En Sologne, les grillages qui ceinturent des milliers d’hectares de forêts privées ne protègent pas seulement le gibier. Ils exposent aussi leurs propriétaires – parmi lesquels des familles industrielles comme Dassault ou Bouygues – à un risque croissant : celui d’une réglementation plus stricte et d’une image écornée par des pratiques cynégétiques controversées.
Le massif, où 80 % des terres sont détenues par des particuliers, est devenu un laboratoire des tensions entre propriété privée et intérêt général. Les enclos, souvent présentés comme des “zoos cynégétiques” par leurs détracteurs, fragmentent les écosystèmes et concentrent artificiellement le gibier. Une artificialisation pointée du doigt par les écologistes, alors que la loi Climat et Résilience de 2021 renforce déjà les contraintes sur l’artificialisation des sols.
Pour les groupes concernés, l’enjeu n’est pas financier – aucune donnée ne montre un impact sur leurs comptes – mais extra-financier. “Ces pratiques interrogent la gouvernance des grands patrimoines familiaux, surtout quand ils sont cotés ou liés à des secteurs régulés comme la défense ou les infrastructures”, note un avocat spécialisé en droit de l’environnement.
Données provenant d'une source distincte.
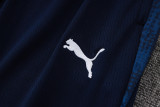 25-26 Marseille Royal blue Kids Half Pull Tracksuit #E25197(童装)(半拉链)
Dassault Aviation, par exemple, a déjà dû gérer des polémiques sur ses sites industriels en Gironde, menacés par des incendies en 2022 (Challenges).
La pression vient aussi des collectivités. En Bourgogne-Franche-Comté, 20 millions d’euros ont été mobilisés sur cinq ans pour développer des filières de défense, un secteur où la réputation compte autant que les brevets (Usine Nouvelle). En Sologne, les prochains mois pourraient voir émerger des propositions de loi visant à encadrer les enclos, avec un risque pour les propriétaires : celui de devoir justifier des pratiques jusqu’ici tolérées au nom du droit de propriété.
Au-delà des textes, la pression sociale et médiatique influence déjà les décisions des conseils d’administration. ONG, riverains et investisseurs exigent davantage de transparence sur la gouvernance foncière et sur l’impact réel des enclos sur la faune sauvage et les sols. Des chartes internes, des audits environnementaux et des engagements RSE renforcés peuvent devenir des outils obligés pour mitiger un risque réputationnel devenu systémique. À court terme, la combinaison d’une vigilance réglementaire accrue et d’une exposition médiatique continue rend probable l’apparition de contraintes opérationnelles nouvelles pour les propriétaires de grands terrains cynégétiques.